Plasma glucose and HbA1c did not change significantly after the period of supplementation. Some studies reported increased levels of glucose, HbA1c and low insulin activity, in type 2 diabetes, after the consumption of large amounts of fish oil (around 10 g/day) [42]. However, when of n-3 PUFA is given in smaller quantities (1 to 4 g/day), no changes in glycemic parameters are observed [43]. In our study, a significant reduction (17%) in the values of plasma triglycerides was observed after the period of supplementation with n-3 PUFA. These results can be explained by the reduction of fractions of VLDL - thus minimizing the hepatic production of triglycerides - and a possible reduction of free fatty acids [44]. As in other studies, there were no significant changes in other lipid parameters [43, 45,46,47]. This can be partially explained by the fact that the diabetic subjects in the present study were not dyslipidemic, and were relatively lean (overweight on average). This differs from many studies in the literature. In a meta-analysis covering studies between 1966 and 2006, Hartweg et al. [48], showed that n-3 PUFA supplementation is, indeed, efficient to reduce triglycerides and VLDL levels, without changing other lipid sub fractions. In contrast, Abe et al. [49], after 6 weeks of supplementation with 4 g/day n-3 PUFA, found an 11% reduction in total cholesterol and a 14% increase in HDL. These changes are not a consensus in the available literature. In addition, a 4-h infusion of intralipid (n-3 FA) failed to affect insulin sensitivity, insulin secretion, or markers of oxidative stress in subjects with T2DM [50]. It could explain the lack of changes in the glycemic profile.

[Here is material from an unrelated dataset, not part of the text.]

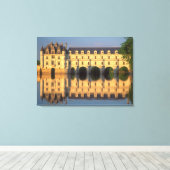 Kasteel Chenonceau, rivier Cher, Loir-et-Cher, 2 Canvas Afdruk (Insitu (Houten vloer))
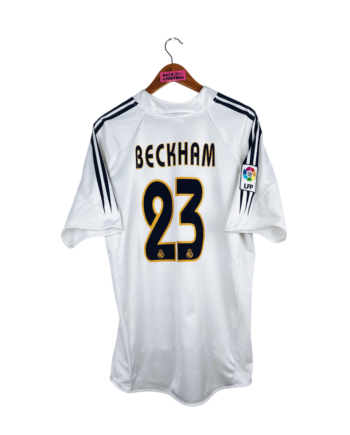 maillot vintage domicile Real Madrid 2004/2005 floqué Beckham #23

To the best of our knowledge, this is the first study to examine the interactions between n-3 PUFA supplementation and high-intensity exercise on oxidative stress and inflammation in subjects with T2DM. However, we recognize that the study has several limitations. First, the sample size was small, although the effect size on the variables with statistical significance was high. So, at this point, should be interpreted with caution before being extrapolated to the general population. Second, we have only studied acute effect of high intensity exercise; therefore, it is not possible to state that the effects would be similar after other intensities of exercise. Finally, we did not analyze the supplement offered to the participants, so we cannot be 100% sure if the product provides the amount of n-3 PUFA. We believe in the suitability of the company, but we suggest that future studies test the product before the beginning of the trial. Despite some limitations, the strength of this study is that we analyzed a large number of variables related to oxidative stress, including two measurements of lipoperoxidation (TBARS and F2-siprostanes) and measurements of enzymatic (SOD) and non-enzymatic antioxidants (uric acid and TRAP). Thus, this study contributes to narrow the gap in the literature on the effects of antioxidants nutrients in oxidative stress parameters after acute exercise. Further clarification is needed regarding the clinical relevance of the n-3 PUFA supplementation for T2DM in different intensities of exercise.

Conclusions

Eight weeks of supplementation with n-3 PUFA did not attenuate oxidative stress parameters after a high intensity exercise in T2DM subjects, with exception to TRAP values. On the other hand, n-3 PUFA cause reduction of triglyceride levels, at rest, without altering membrane oxidative damage or inflammation (as assessed by hs-CRP). Studies including other inflammation markers such as IL-8, MCP-1, eHSP70, or others, are required to better assess this response. Likewise, longer periods of observation and/or and other intensities of exercise may be necessary to induce significant increments in oxidative stress parameters in diabetic patients.